• **Description of the task**
Leave the images out, and otherwise write out each entry exactly.

--- Input records Enclosed Below ---

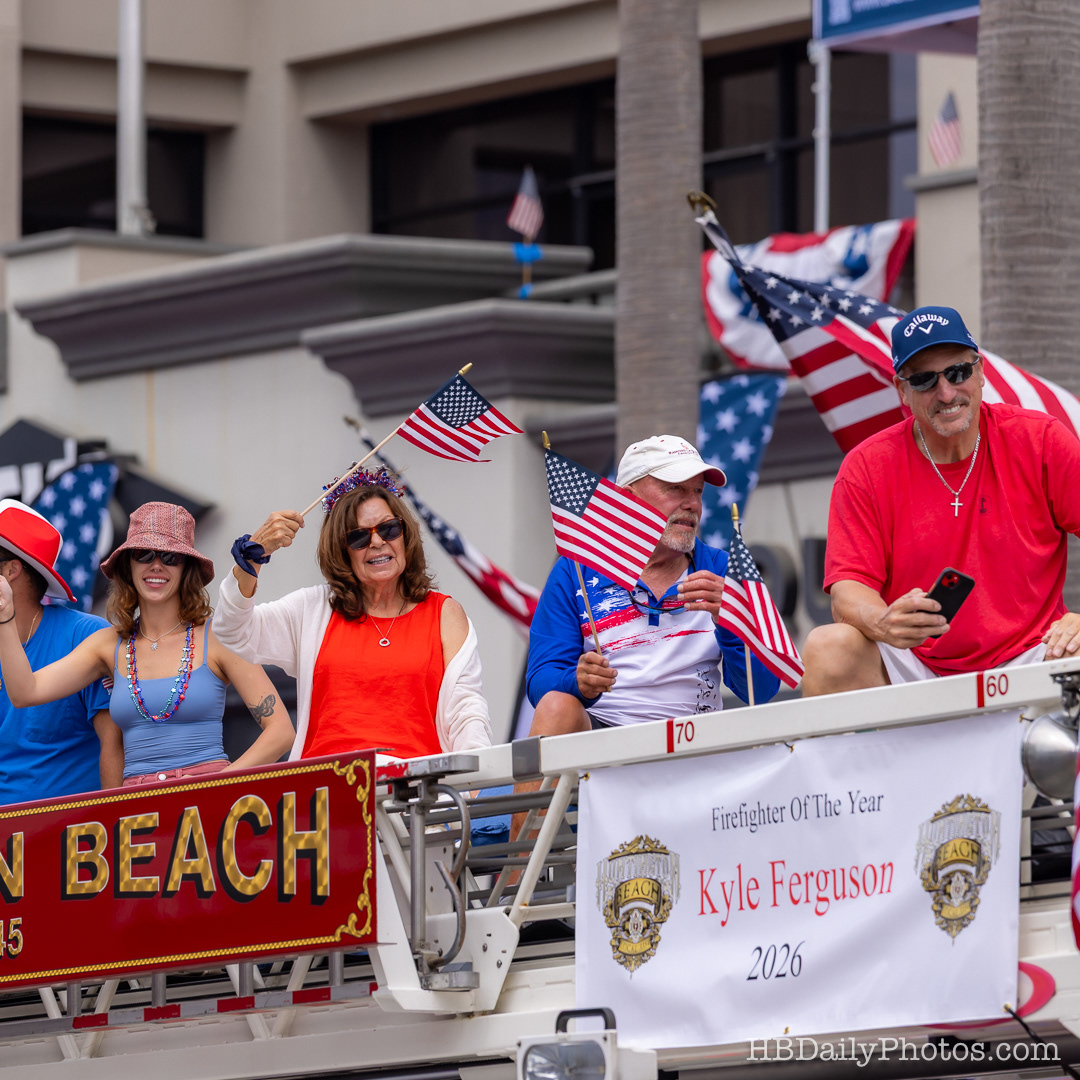 00161-image-2026-4th-of-july-downtown-huntington-beach-patriotic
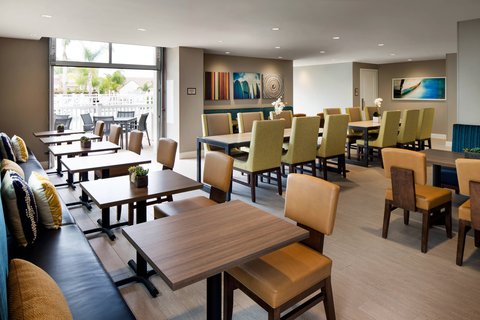 Residence Inn by Marriott Los Angeles Torrance/Redondo Beach photo 2
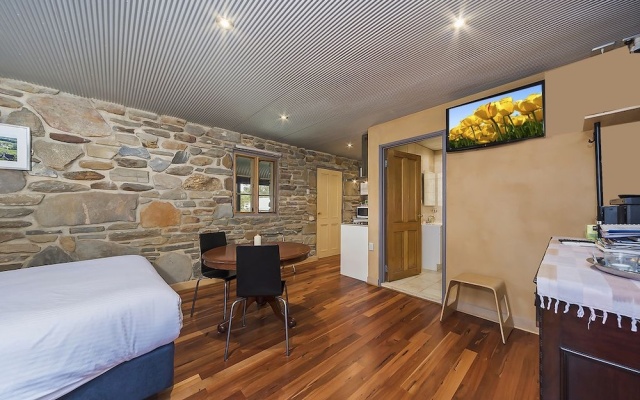 1860 Wine Country Cottages – Guest Rooms – Springton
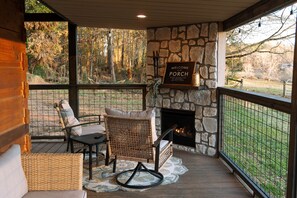 المنطقة المحيطة بالمنشأة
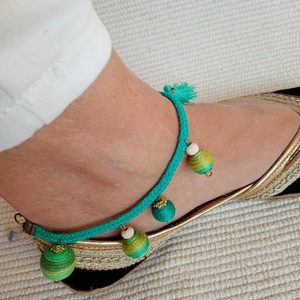 Zöld-türkiz bokalánc, textilbogyó bokalánc, bokaékszer, lábdísz, lábékszer, Ékszer, Lábdísz és Testékszer, Bokalánc, Ékszerkészítés, MESKA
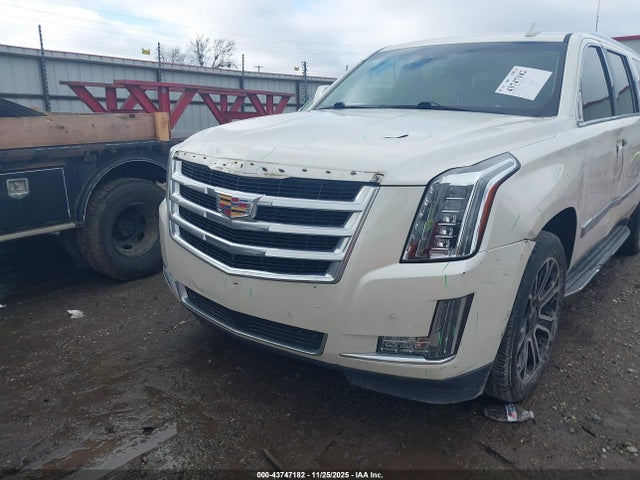 Продажа на аукционе авто 2015 Cadillac Escalade Esv Luxury, vin: 1GYS3SKJ3FR700627, номер лота: 43747182
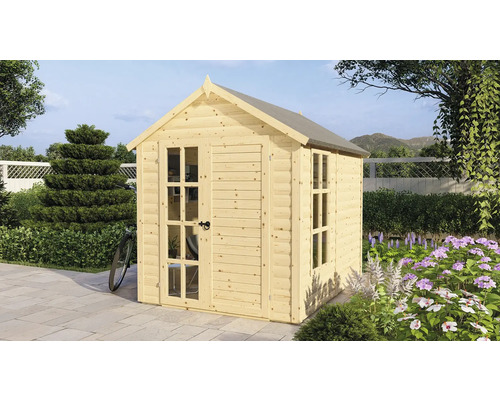 Dřevěný zahradní domek s okny a dveřmi na zahradě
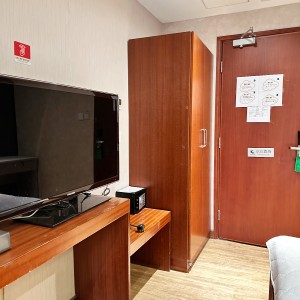 KONE六楼独卫双人间-步行旺角地铁站🚇3分钟；油麻地地铁站🚇3分钟，理工巴士9分钟直达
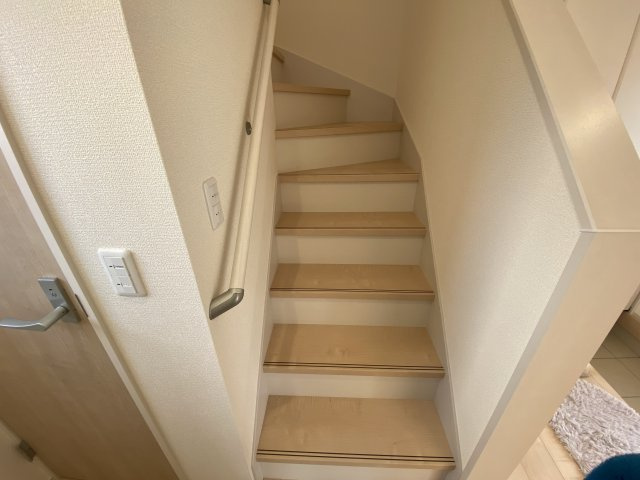 人工芝有り♪♪　【平下平窪1期／3号棟】　おしゃれさん必見♪デザイナーズ新築建売住宅！　のその他|◆階段の写真です◆　
階段は家族がほぼ毎日通る動線の為、安全上の配慮が必要です！
階段は手すり付きなので、小さなお子様からご年配の方まで安心ですね♪



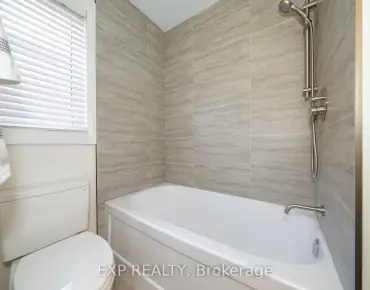 
RAVINE EDGE Dr Jefferson, Richmond Hill 4 beds 4 baths 2 garage $1.698M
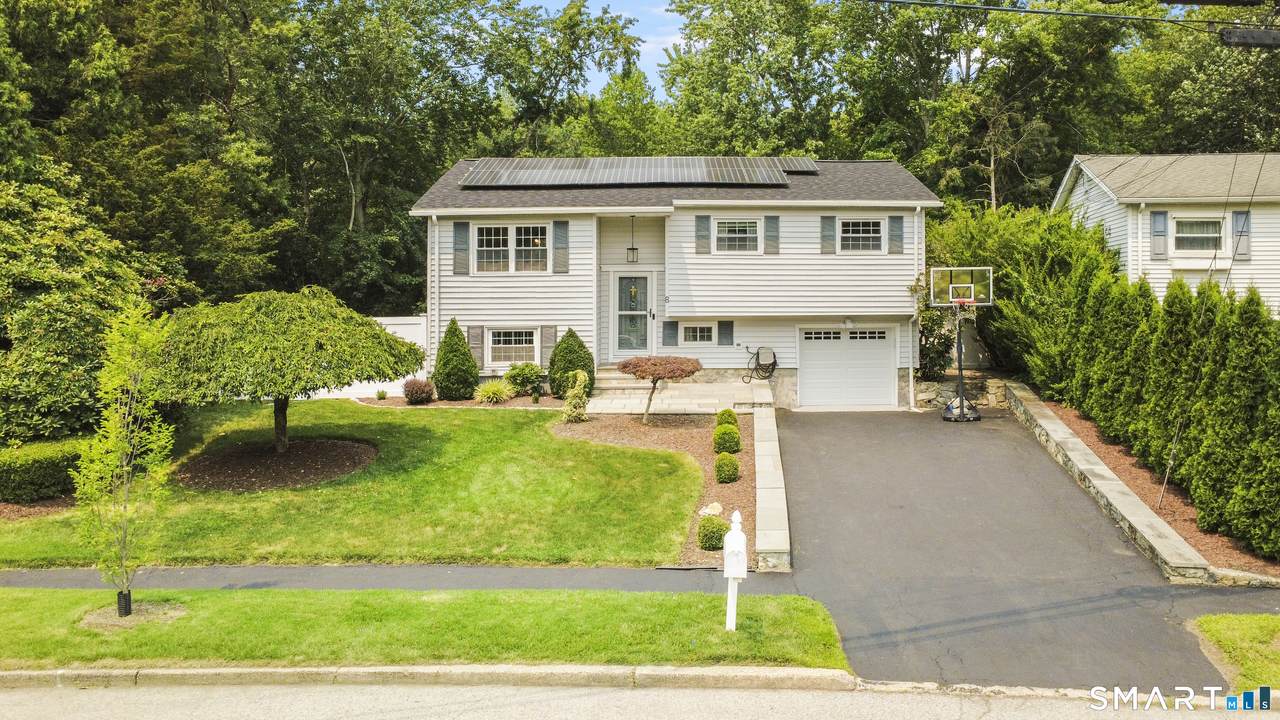 8 Country Club Road - Photo 1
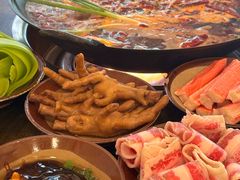 -黄潇洒老火锅(九眼桥宏济巷店)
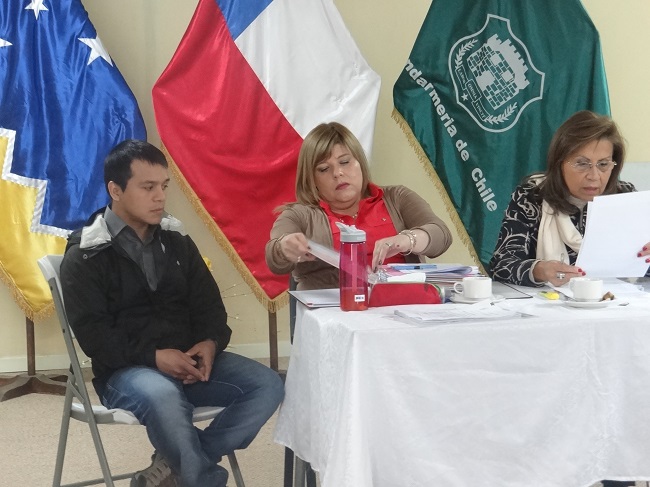 Gustava Aguilar, Defensora regional, y Paula García (UAGD) defendieron a Villegas ante la comisión.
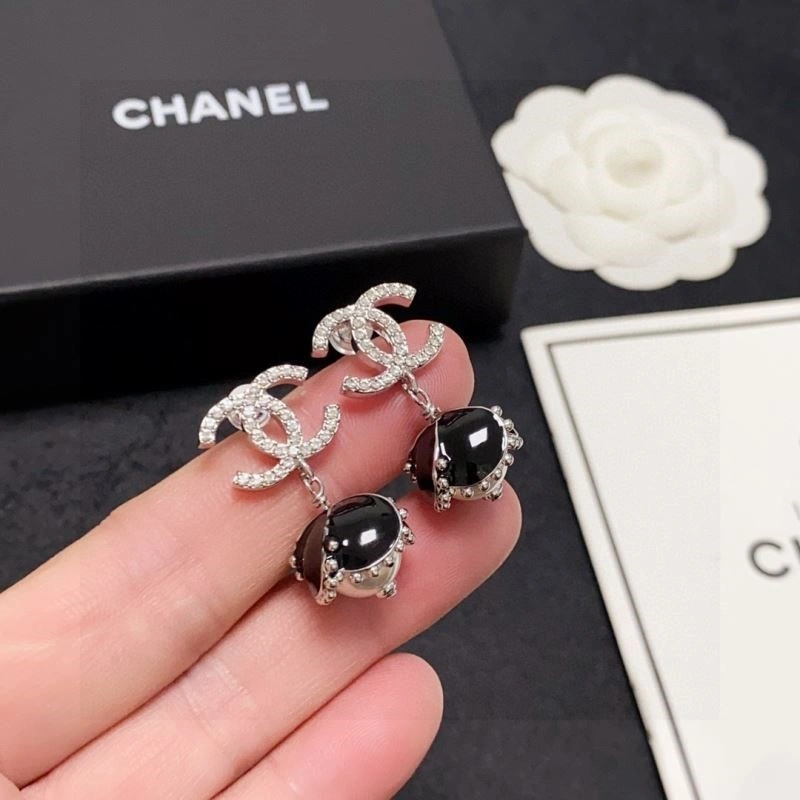 Chanel Earrings Cozy 225310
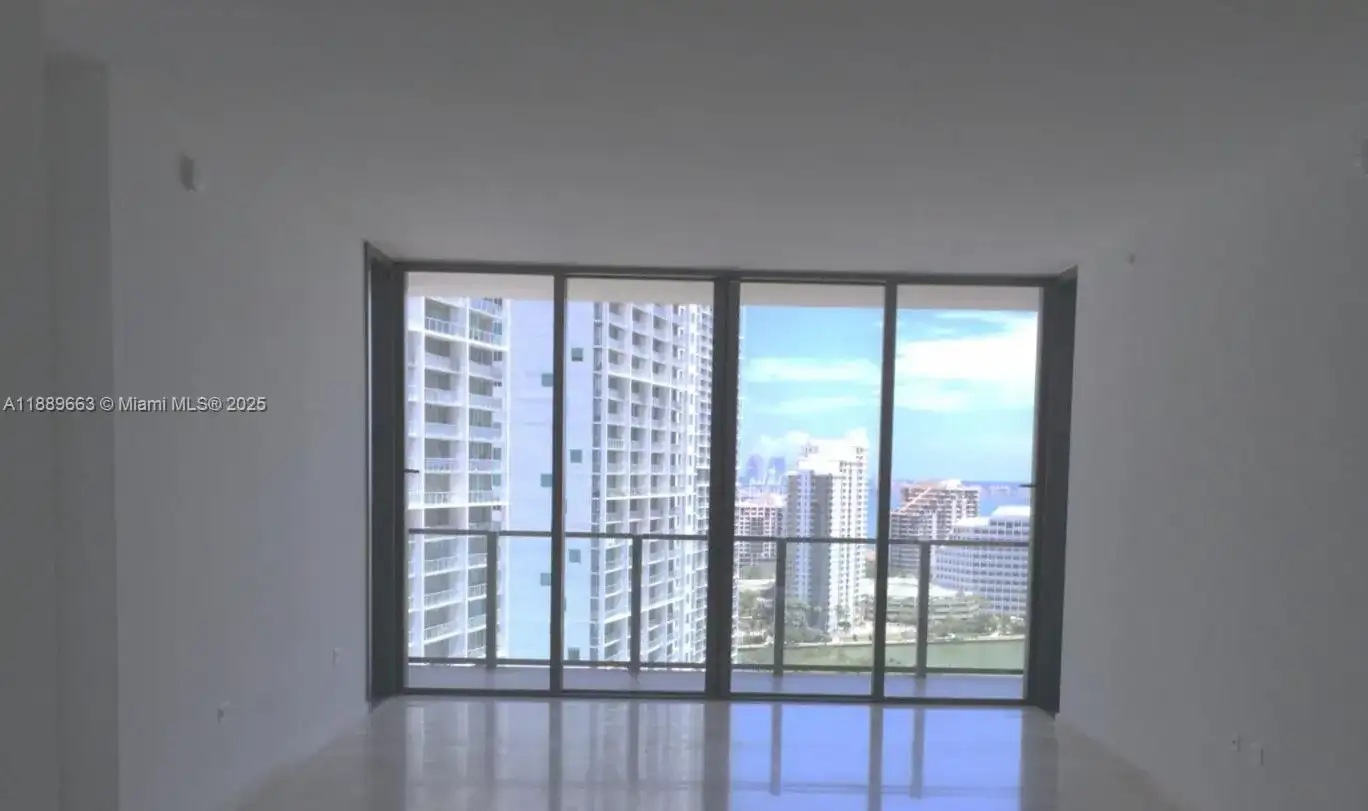 68 SE 6th St # 1809, Miami FL 33131 photo 5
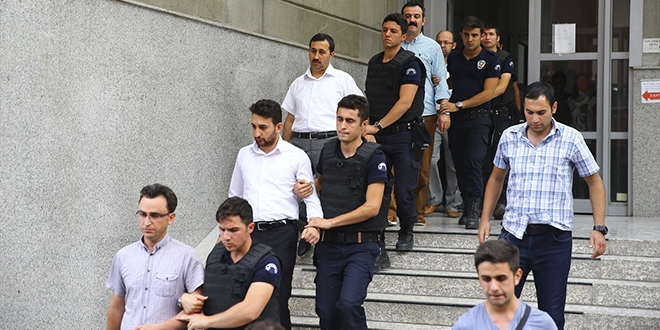 Polis, Aktif Eğitimciler Sendikası binasına girdi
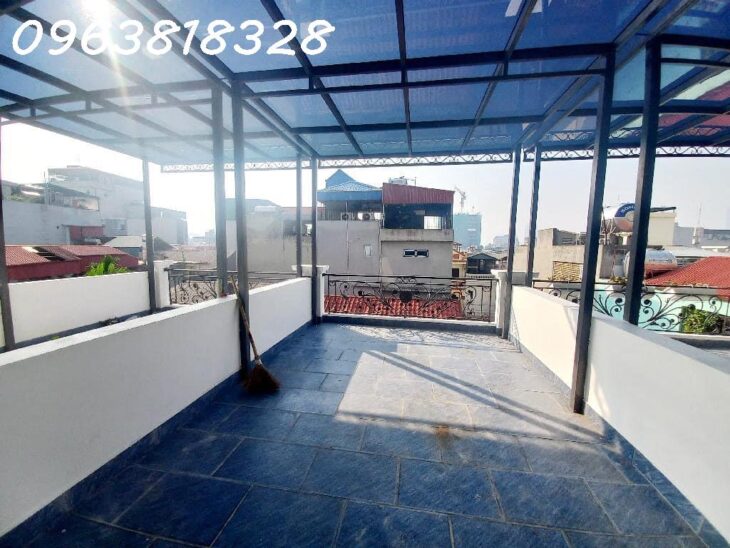 NHÀ PHÂN LÔ – TT CẦU GIẤY – 6 TẦNG THANG MÁY – Ô TÔ NGỦ TRONG NHÀ – FULL NỘI THẤT – THIẾT KẾ SANG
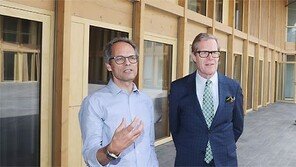 정원 대신 마당 있는 스위스대사관 “한옥서 영감… 집처럼 편안”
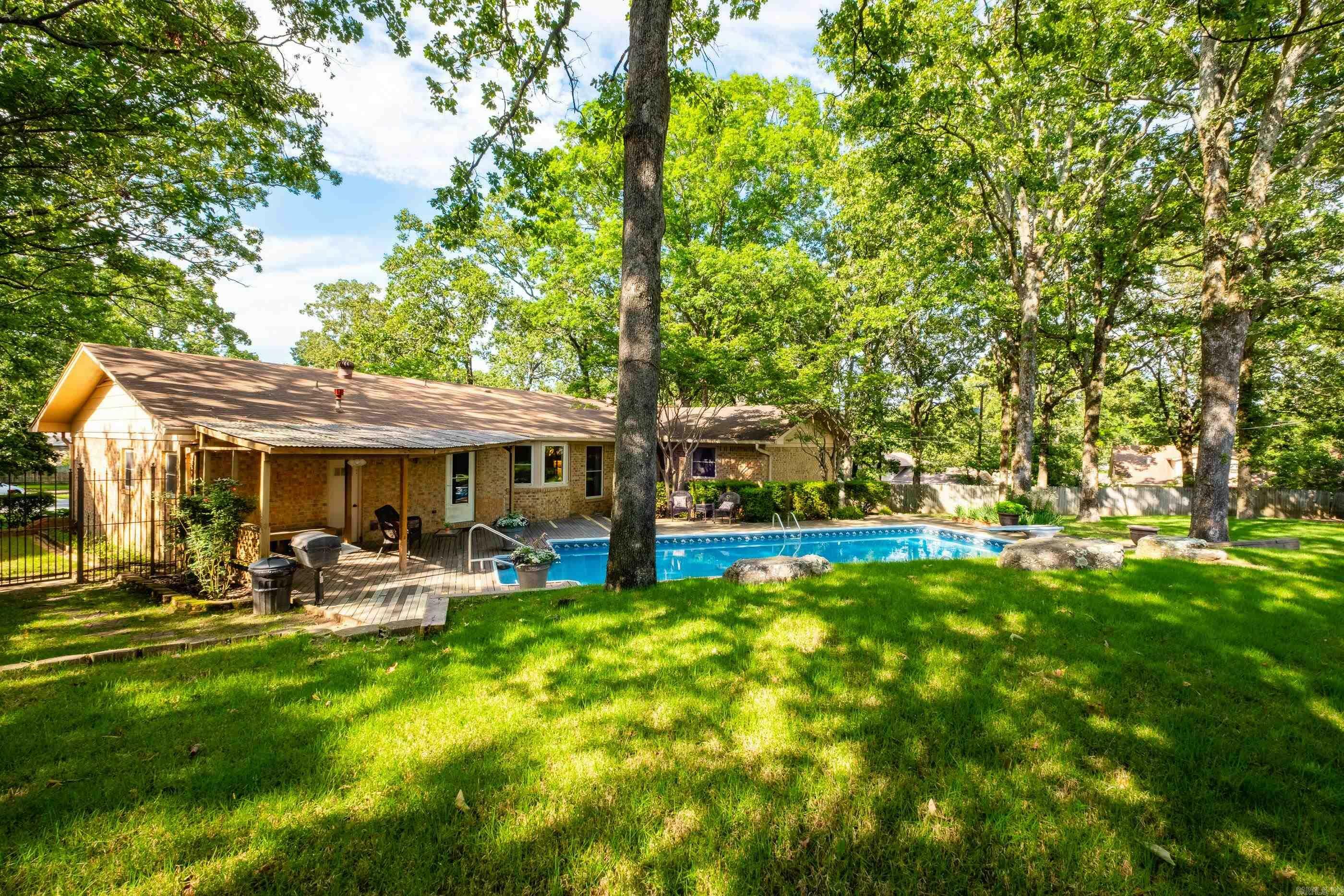 Property Photo: 1312 Winnebago Drive AR 72116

--- End of Enclosed Input records ---

• **Written solution**
 00161-image-2026-4th-of-july-downtown-huntington-beach-patriotic
 Residence Inn by Marriott Los Angeles Torrance/Redondo Beach photo 2
 1860 Wine Country Cottages – Guest Rooms – Springton
 المنطقة المحيطة بالمنشأة
 Zöld-türkiz bokalánc, textilbogyó bokalánc, bokaékszer, lábdísz, lábékszer, Ékszer, Lábdísz és Testékszer, Bokalánc, Ékszerkészítés, MESKA
 Продажа на аукционе авто 2015 Cadillac Escalade Esv Luxury, vin: 1GYS3SKJ3FR700627, номер лота: 43747182
 Dřevěný zahradní domek s okny a dveřmi na zahradě
 KONE六楼独卫双人间-步行旺角地铁站🚇3分钟；油麻地地铁站🚇3分钟，理工巴士9分钟直达
 人工芝有り♪♪　【平下平窪1期／3号棟】　おしゃれさん必見♪デザイナーズ新築建売住宅！　のその他|◆階段の写真です◆　
階段は家族がほぼ毎日通る動線の為、安全上の配慮が必要です！
階段は手すり付きなので、小さなお子様からご年配の方まで安心ですね♪



RAVINE EDGE Dr Jefferson, Richmond Hill 4 beds 4 baths 2 garage $1.698M
 8 Country Club Road - Photo 1
 -黄潇洒老火锅(九眼桥宏济巷店)
 Gustava Aguilar, Defensora regional, y Paula García (UAGD) defendieron a Villegas ante la comisión.
 Chanel Earrings Cozy 225310
 68 SE 6th St # 1809, Miami FL 33131 photo 5
 Polis, Aktif Eğitimciler Sendikası binasına girdi
 NHÀ PHÂN LÔ – TT CẦU GIẤY – 6 TẦNG THANG MÁY – Ô TÔ NGỦ TRONG NHÀ – FULL NỘI THẤT – THIẾT KẾ SANG
 정원 대신 마당 있는 스위스대사관 “한옥서 영감… 집처럼 편안”
 Property Photo: 1312 Winnebago Drive AR 72116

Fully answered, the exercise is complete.